Finding pattern in biochemical reaction networks - a sub-graph mining approach

Scientific Databases and Visualization, Heidelberg Institute for Theoretical Studies, Heidelberg, Germany
Systems Biology and Bioinformatics, University of Rostock, Rostock, Germany
DOI
10.7287/peerj.preprints.1479v1
Subject Areas
Bioinformatics, Computational Biology, Data Mining and Machine Learning, Data Science
Keywords
Subgraph Mining, Systems Biology, Biochemical Reaction Networks, Pattern Detection, Graph Database, Knowledge Discovery
Copyright
© 2015 Henkel et al.
Licence
This is an open access article distributed under the terms of the Creative Commons Attribution License, which permits unrestricted use, distribution, reproduction and adaptation in any medium and for any purpose provided that it is properly attributed. For attribution, the original author(s), title, publication source (PeerJ PrePrints) and either DOI or URL of the article must be cited.
Cite this article
Henkel R, Lambusch F, Waltemath D. 2015. Finding pattern in biochemical reaction networks - a sub-graph mining approach. PeerJ PrePrints 3:e1479v1

Abstract

Biological questions today are often answered with the help of simulation models. Many of these models encode biological processes as biochemical reaction networks. The increasing amount of published models and the growing size of encoded reaction networks demand methods to analyse models. Specifically, researchers need to identify reoccurring and biologically relevant patterns.

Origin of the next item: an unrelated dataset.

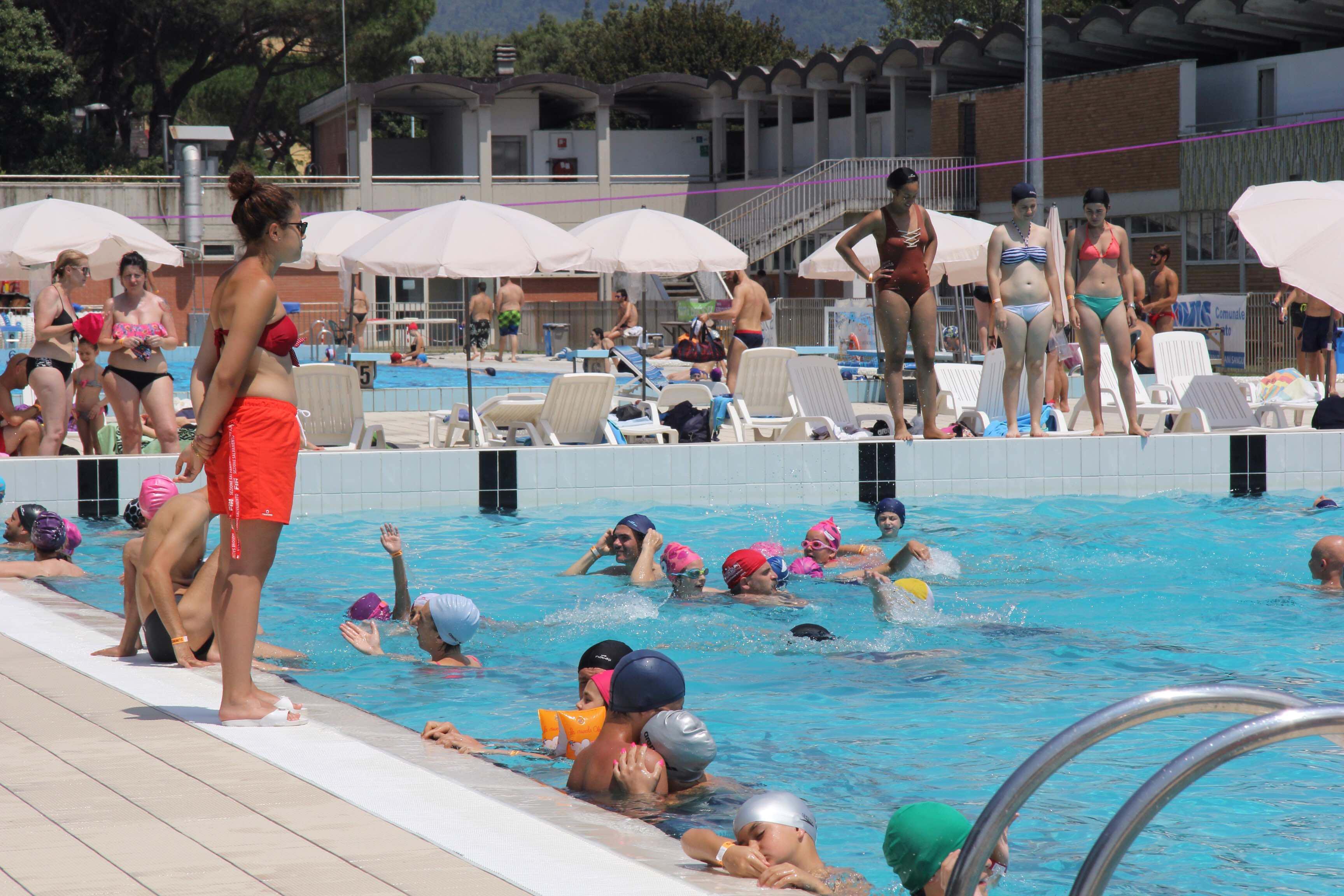 La piscina comunale di via Roma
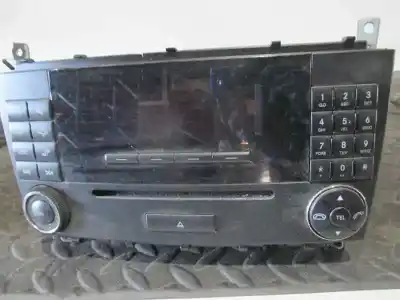Pezzo di ricambio per auto di seconda mano impianto audio / radio cd per mercedes-benz clase c (w203) berlina 200 compressor (203.045) riferimenti oem iam a2038700589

However, pattern recognition in large networks is a hard problem, and only partial solutions for very specific biological networks exist until now. In addition, while such patterns where already postulated, identifying them manually is barley feasible given a large set of complex models. This paper examines automatic methods to find reoccurring patterns structural similarities in models represented as bipartite graphs. An approach is presented to find the most frequent structures within the models. Appropriate patterns were found, which occur in a major part of the 575 input models. The occurrences of the resulting structures can provide insight into the encoding of certain biological processes, evaluate the postulated structures and serve as a reasonable similarity measure for grouping models that share many common structures.

Author Comment

This is the initial version of this manuscript. Title and short title are subject to change.